Another airline, another bad day -- weeks after “performance issues” at Southwest Airlines led to hundreds of flight cancellations or delays, a datacenter fire resulted in a systemwide failure at Delta Airlines.
Having seen a few airline back ends, I'm not very surprised. Are such outages avoidable? Nearly always. You simply have to create a high-quality system with sufficient resilience and redundancy baked in. It helps to have good processes and programmers, too.
Reliable, redundant infrastructure
Obviously no matter how great your software and servers, if you don't have redundant network infrastructure, you may not survive. This starts with your switches and routers, includes such equipment as load balancers, and goes a bit beyond. For instance, backup power -- from a reliable provider that routes your power appropriately.
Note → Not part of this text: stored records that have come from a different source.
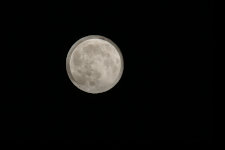 second-quarter 'full' moon very close to perigee, 'super moon,' overlaid with same phase very close to apogee, roughly the size they would appear to the naked eye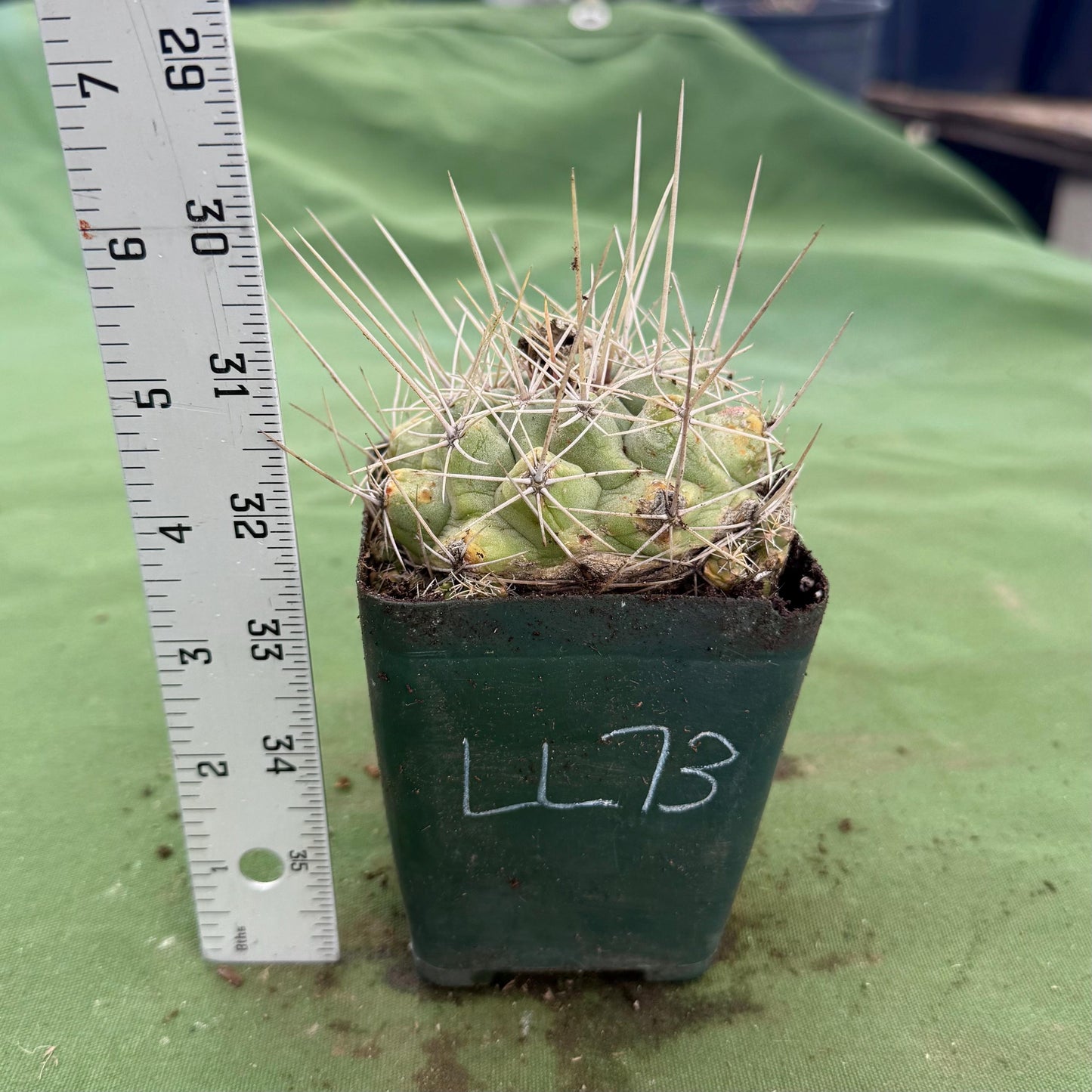Thelocactus hexaedrophorus (LL73)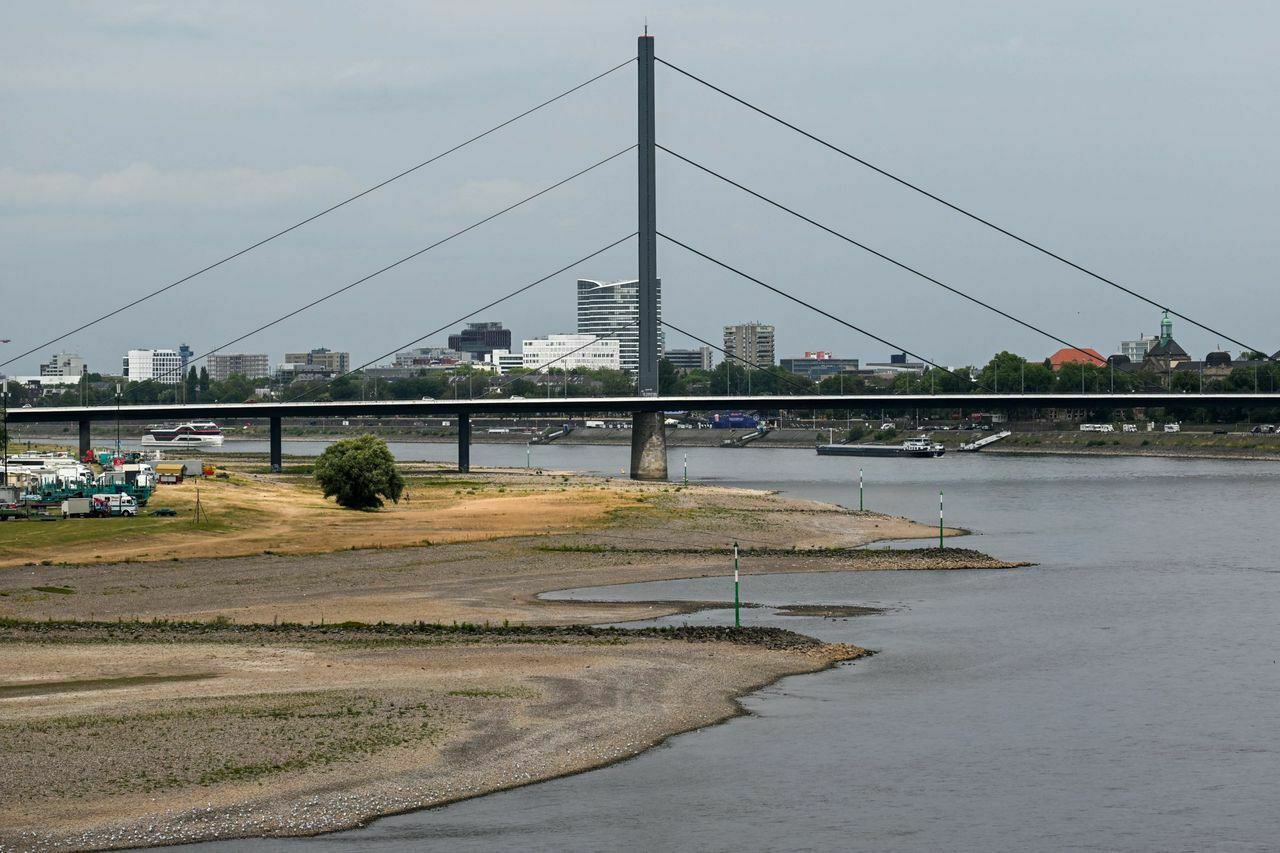Еще и обмеление: Европа несет убытки из-за низкого уровня воды в Рейне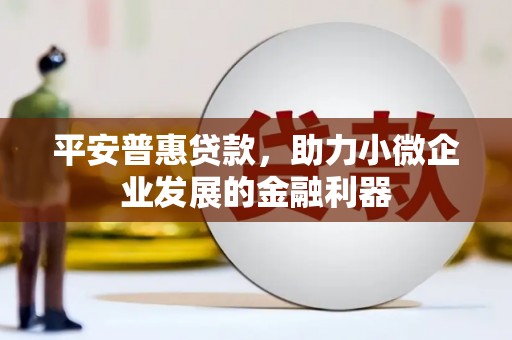 平南平安普惠贷款，助力小微企业发展的金融利器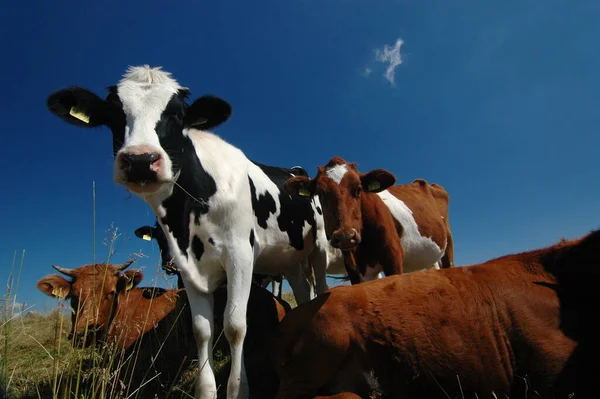 Mucche Nel Paesaggio Naturale Attenzione Selettiva — Foto Stock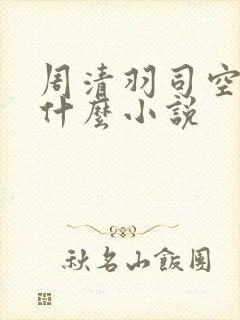 周清羽司空古是什么小说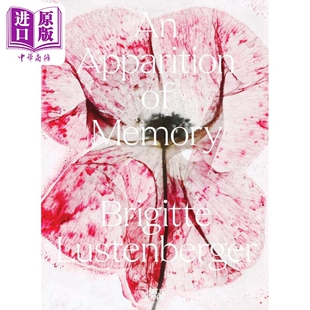 Brigitte Lustenberger An Apparition Of Memory 进口艺术 布里吉特 卢斯滕贝格尔 记忆的显现【中商原版】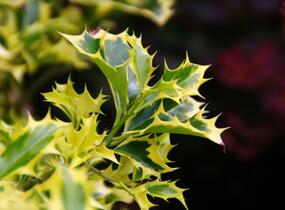 Cesmína obecná 'Golden DJ' - Ilex aquifolium 'Golden DJ'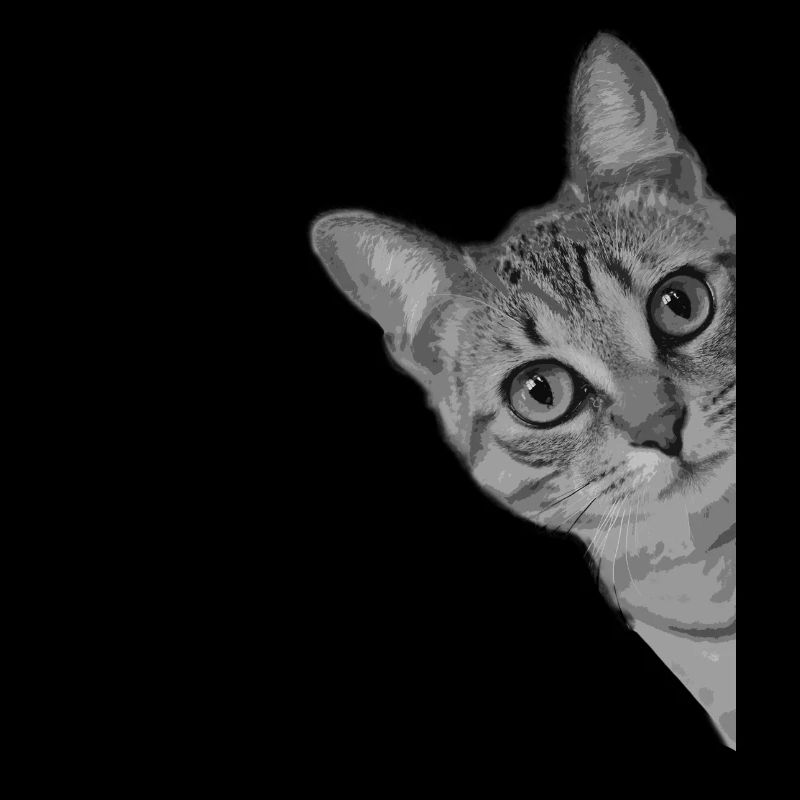 Cute cat kitten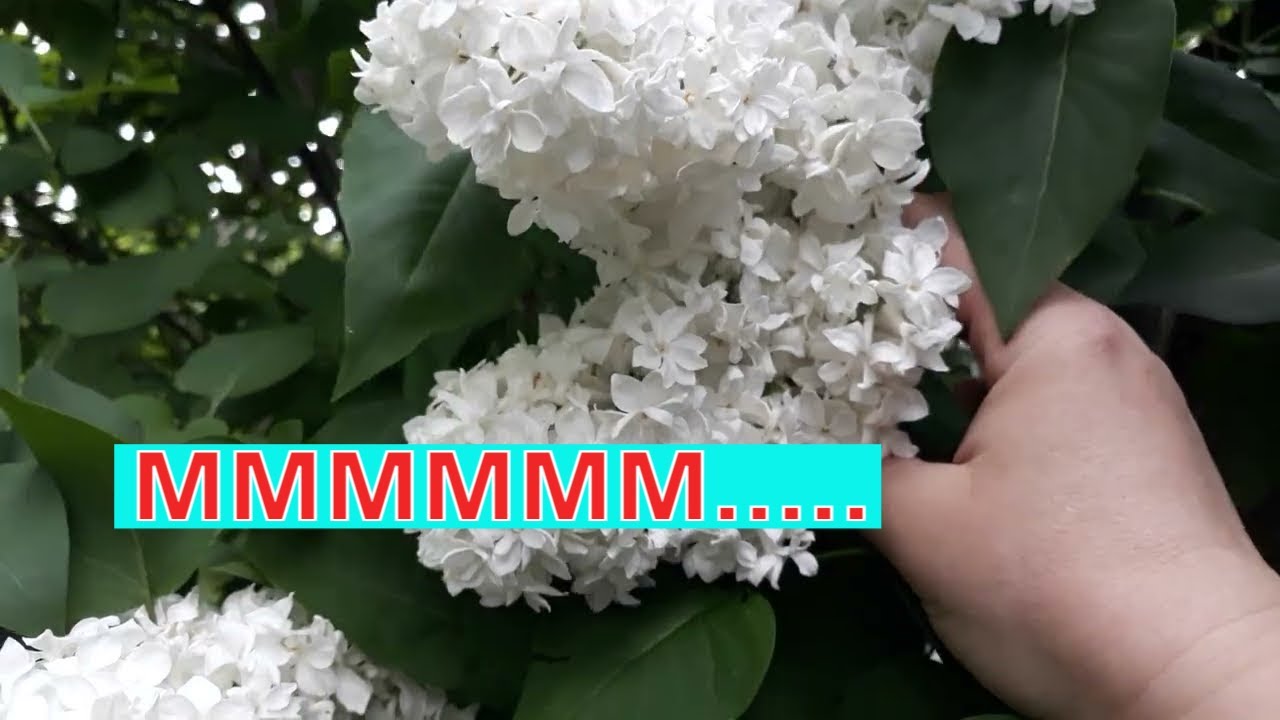 ЭТО ОЧЕНЬ ВКУСНО ПАХНЕТ / БЕЛАЯ СИРЕНЬ / БОЖЕСТВЕННАЯ КРАСОТА ВЕСНОЙ ...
High availability (HA) protects against such problems as a server or service failing. Let's say the runtime your web service is built on does a core dump. No user should know -- they should simply be routed to another service. To accomplish this, you need to run multiple instances and load balancers, then replicate appropriately.
Disaster recovery (DR) protects against more unlikely events. Often, DR is implemented with relatively low expectations (sometimes hours or even days before recovery) and/or acceptable data loss. I’d argue that on the modern internet, recovery should be minutes at worst -- same goes for data accessibility. To accomplish DR, you need another datacenter that’s geographically distant and an ironclad failover scheme. You also need to get the data there.
If you use a cloud hosting provider like AWS, opt for servers in multiple regions in case disaster strikes. Some larger organizations go as far as using more than one cloud infrastructure provider.
Rules of replication
Replication comes in multiple forms. There is “now” replication, which you can accomplish between two servers in the same room or (at worst) a few miles away. Then there’s WAN replication. The two are fundamentally different.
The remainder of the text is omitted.